02/08/2009

Estilhaços de VERtigo

VERtigo.

De todas as ruas, aquela era tanto mais velada, quanto cobiçada. O fascínio que a invadia era tanto que o pulsar de cada pegada ou vestígio, olhar ou vislumbre, provocava na restante cidade um estremecimento vestibular, prestidigitador, como se aí se re-velasse a desértica clareira do Ser, como se, de modo imperceptível, fossemos engolidos pelas mandíbulas ferozes de um qualquer predador.

Fruto dessa fome, a rua permanecia, porém, imaculada, pura e ímpar na sua elevada solidão. Magnetizava, por um lado, as atenções dos itinerantes e, por outro, expelia, num movimento de gato a regurgitar bolas de pêlo, os inglórios transeuntes que a tentavam dominar. Até à data, não houvera ninguém que resistisse aos seus labirínticos encantos, nem que escapasse ao seu genuíno sortilégio.

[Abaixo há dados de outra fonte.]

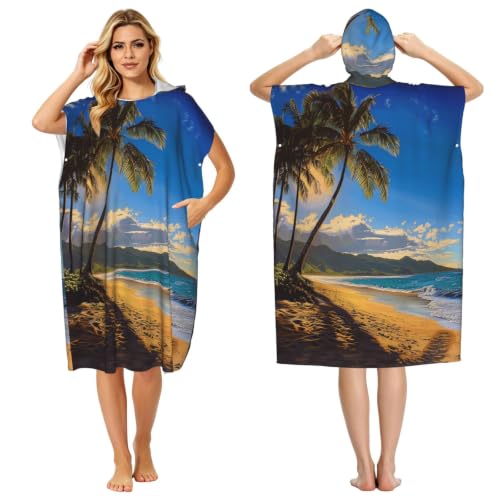 BEIVGOXL Hawaii Beach Printed Quick Dry Surf Poncho Hooded Beach Towel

A sua enigmática robustez conduziu a alguns ditos, estes tornaram-se contos que, amiúde, se converteram em mitos. Entre estes conta-se que numa incauta noite, uma mag(n)a mulher lhe houvera, devotamente, consagrado o leite, que escorria vigorosamente do seu desnudo peito, destinado ao amamento do seu único filho. Desfecho dessa entrega total, transformara-se a mulher num caudal espesso e virginal, porção da rua onde todas as aparições, nascenças, origens e inícios aconteciam. Outras vezes, rememora-se a oferenda de uma lágrima, única, vertida por um homem que, ao conceder-lhe a sua musicalidade, renunciou o fragmento mais cristalino da sua temporal intimidade: a eternidade.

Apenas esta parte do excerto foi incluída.